Ndaah, Mr Deputy President. Baremini? I extend my hand to greet Deputy President Matamela Cyril Ramaphosa.
Ndaah Ndou, he smiles, and almost suffocates me with a bear hug.
Power corrupts, they say, and this man is quite powerful. He is also potentially the next president, if not of the country in two years, almost certainly of the ANC in six months.
I suddenly become suspicious: is this what they mean by "beware of his charm"? Mhhh, we'll see.
Ramaphosa will be a full-blown 65 when he arrives at the ANC's 54th national conference as one of the two favourites foolishly, ambitiously and hubristic, pumped to stake a claim on the seat, party, movement and country terribly bruised, gatvol and fractured by tragi-dramas whirling about the incumbent.
On this chilly Sunday evening, the fireplace is amber. Blue flames leap and the cream-coloured visitors' lounge, with its old-money curtain drapings, wears a welcoming face.
You feel at home. Although you whisper to yourself: "Hey you. Beware. Never feel too much at home. It's not yours. It's a politician's home."
A politician who is too aware of his image and is primed and prone to performance, like all of us: that impulse to please, especially since you don't know who's gunning for you, or who comes bearing gifts.
Ramaphosa himself offers tea despite being surrounded by two of his long-serving professional lieutenants; "wingmen" in snazzy township parlance, the strategist Steyn Speed and the communicator Ronnie Mamoepa, who, I later learnt from Ramaphosa, had been hospitalised after a stroke.
Anything to drink? the deputy president asks, eyes bright despite the exhausting campaign, or "consultative" work, among constituencies he probably has to work double or triple at attracting and endearing himself. In the process he needs to address their concerns, mainly because his last, main, real and reliable constituency was in the union sector a quarter-century ago.
Thus, as the organisation he is obviously vying to lead seems dangerously spinning on the skid rows of history, his political rebirth is gaining traction. Rooibos tea, please, I say.
You see this art piece (he gives me a personal tour of the house), this I got in Ghana. That one in Limpopo, it tells a narrative about my clan's totems.
Oh, and this one, he points to a life-size ink-on-canvas portrait of an African lass with natural woolly hair, an evocative, if not provocative, piece shrouded in a riot of hues, blends of azure shades, and gestures of scarlet brush strokes, and on and on.
He's aesthetic, if these works he proudly shows off profess any indication. They slouch towards the Bethlehem of African pastoral realism. No abstract existentialism for him. Not that mumbo jumbo.

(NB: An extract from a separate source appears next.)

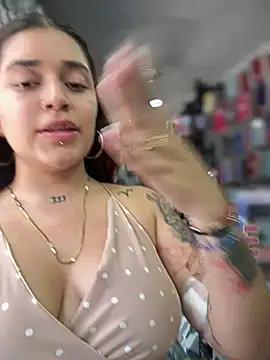 Customizable and immersive: Energize your taste buds and checkout our delicious choice of amateur cams liveshows with excited livestreamers getting their sweet physiques pounded with their beloved vibrating toys.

Despite his perfected pragmatism, his both celebrated and derided mien as a self-avowed "gradualist" and, in his words, "consensus builder", Ramaphosa is also a direct man who speaks in unadorned language.
He is an old-school mineworkers' unionist, political negotiator made good (and bad along the way), a businessman who hit pay dirt in the booming late 1990s and early 2000s and, like a lot of ostentatiously wealthy folks, went on to make a fool of himself, bidding for buffaloes he had no need for, at pretty zapped-up market rates.
As founding general secretary of the National Union of Mineworkers, Cyril Ramaphosa
formed a strong bond with workers. He is Cosatu’s choice for president
— Working-class hero
This is also a man who woke up to realise that for his supporters and foes to take him with serious regard, in the party and beyond, he had to be visible. Which means he had to speak to them in languages they understood: languages that would never understand the buffalo-purchasing peccadilloes of billionaires.
To stand in front of those supporters, old and newly cultivated then - as he had done earlier that afternoon in Stellenbosch before our meeting - is to be one with them, even if both parties know that you can no longer be one of them.
In other words, to be a politician at this level in this moment of wild gestures, defences and attacks on comrades and opponents alike is also to be called on to present yourself in performance as well as in your complexity, warts and all.
Let's be this clear on this: I hold no brief for any of the candidates, including my interviewee, running for the top ANC job. I couldn't care a crap about him as a candidate, nor am I enamoured of his millions.
But there's a useful caveat here. He intrigues me, in my guise as a biographer.
I'm fascinated by the nexus around which power and ambition, strength and vulnerability dance. The internal space between a public figure and a private self: the line between the real and the performative.
To all I wonder aloud: but what sort of person is this, who left politics because he couldn't get what he felt entitled to, only to be fully rehabilitated into mainstream politics by the man who, like the one preceding him as a president, possibly assumed the rehabilitated was a lame duck? That his loyalty could always be counted on, or threatened to pronounce itself, and worse, easily disposable, and yet - nothing could be further from the truth.
Also, he excites me as the quintessential gentle (on the exterior) cat with nine lives. And for this I stalked him for some time for the conversation here.